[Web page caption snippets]
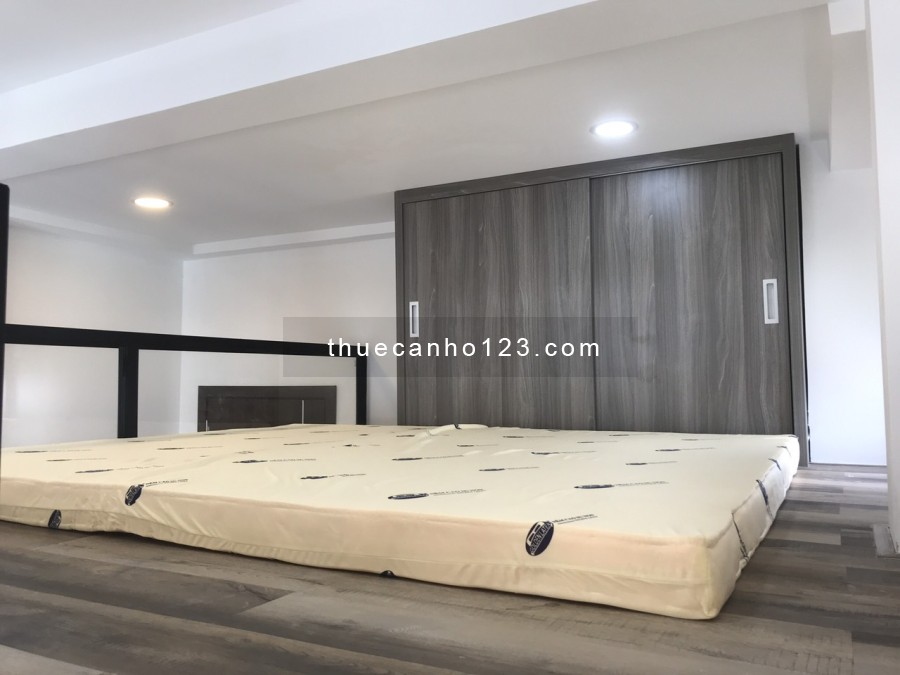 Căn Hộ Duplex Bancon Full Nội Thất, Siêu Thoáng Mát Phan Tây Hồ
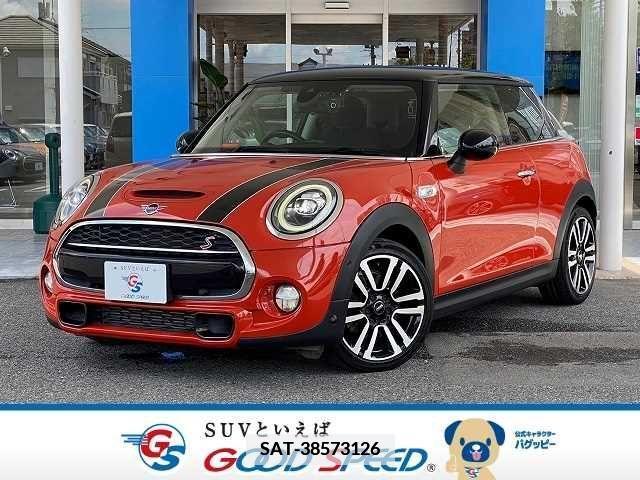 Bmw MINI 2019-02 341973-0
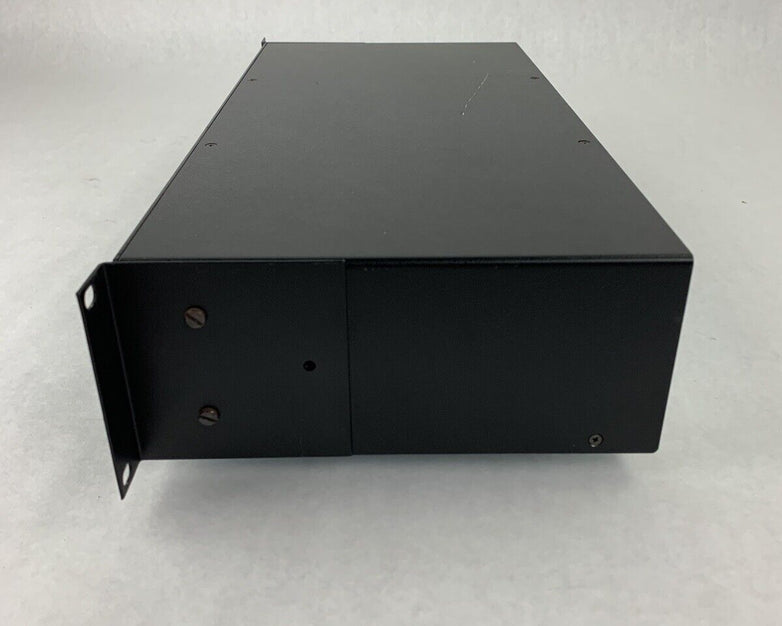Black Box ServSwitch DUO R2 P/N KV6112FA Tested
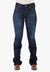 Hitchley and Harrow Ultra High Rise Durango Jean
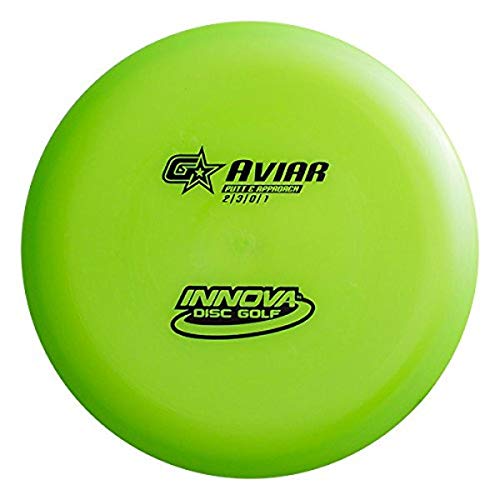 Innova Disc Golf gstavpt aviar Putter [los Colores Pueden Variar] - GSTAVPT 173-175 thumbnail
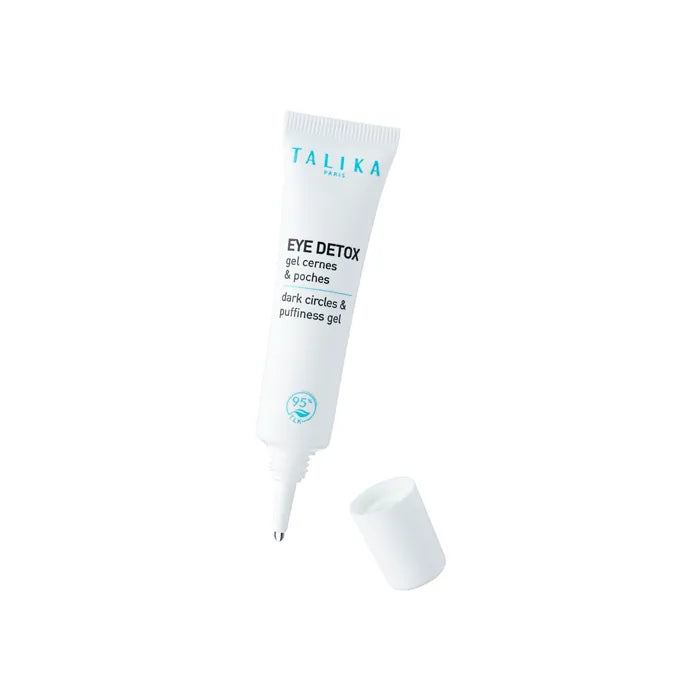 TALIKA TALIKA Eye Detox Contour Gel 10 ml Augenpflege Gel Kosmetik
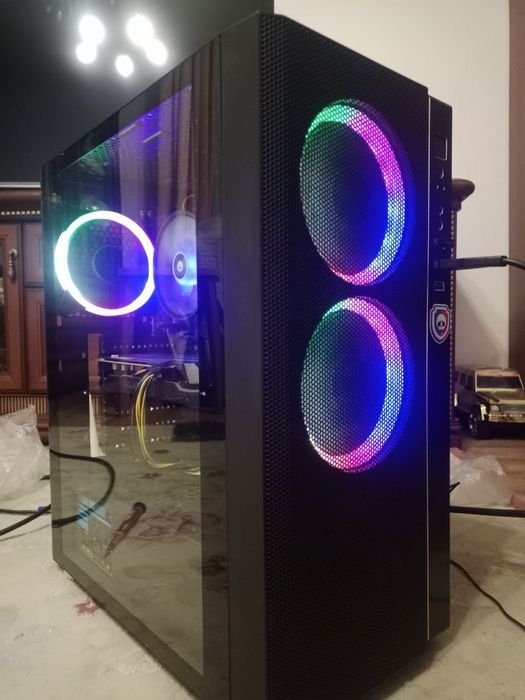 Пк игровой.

Prompt -> After locating the line with "TALIKA TALIKA Eye", transcribe it and the rest of the data above exactly as written, without any picture.

Solution for this problem ->
 TALIKA TALIKA Eye Detox Contour Gel 10 ml Augenpflege Gel Kosmetik
 Пк игровой.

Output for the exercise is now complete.